The implementation here failed me and it’s because I didn’t have a couple of things in mind that revolve around “things fail all the time”. A message can be received more than once in rare situations, but also modeling the document without ensuring uniqueness & achieving idempotency for such business process. The unique document that should’ve been stored in the database once was stored twice.
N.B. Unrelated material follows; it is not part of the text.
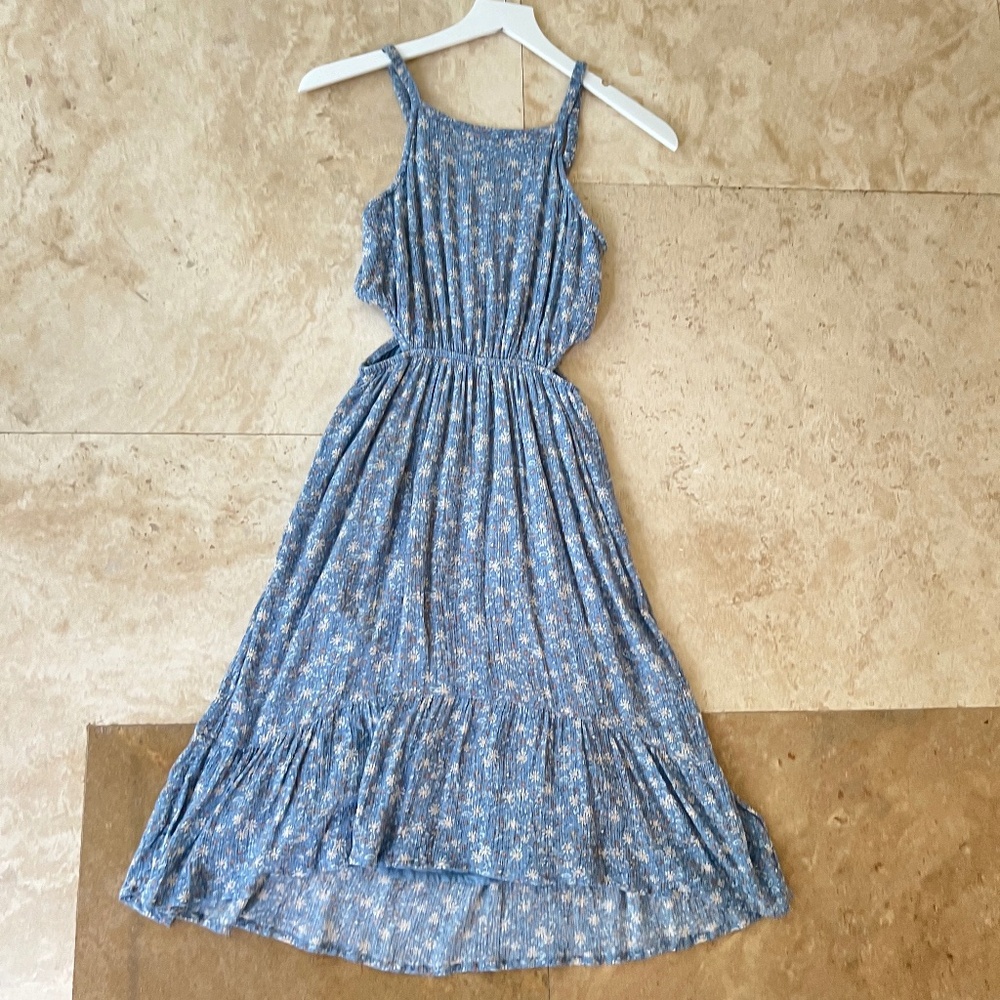 Abercrombie and Fitch kids blue floral dress. Kids size 13/14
Figure 1: One event record results in two documents “of the same kind” stored in the database

A step towards idempotency

Now the cool thing is that with some tweaks I was able to eliminate this issue, I hope. At the time I hadn’t any clue what caused this issue whether the scheduler was sending two different messages with the same record because of data pollution, or was it that the message was being received more than once by the processor because SNS was having issues, or the processor had some edge case that causes it to process the same message twice. When in doubt, apply all types of duct tapes until it’s fixed. The approaches I took were several.

FIFO Topics & Queues

Starting from the messaging service. The cool thing is SNS has a capability that could help in decreasing the chances of receiving the same message more than once, and that is by using an SNS FIFO topic. FIFO topics have the capability of message-deduplicating delivery. You configure it to deduplicate based on the content of the message that is being published on the topic or provide a deduplication ID. In my case, the message is always unique, it consists of two properties that hold UUIDs for two different types of documents that combined make them unique. In this case, I went for deduplication based on the content of the message.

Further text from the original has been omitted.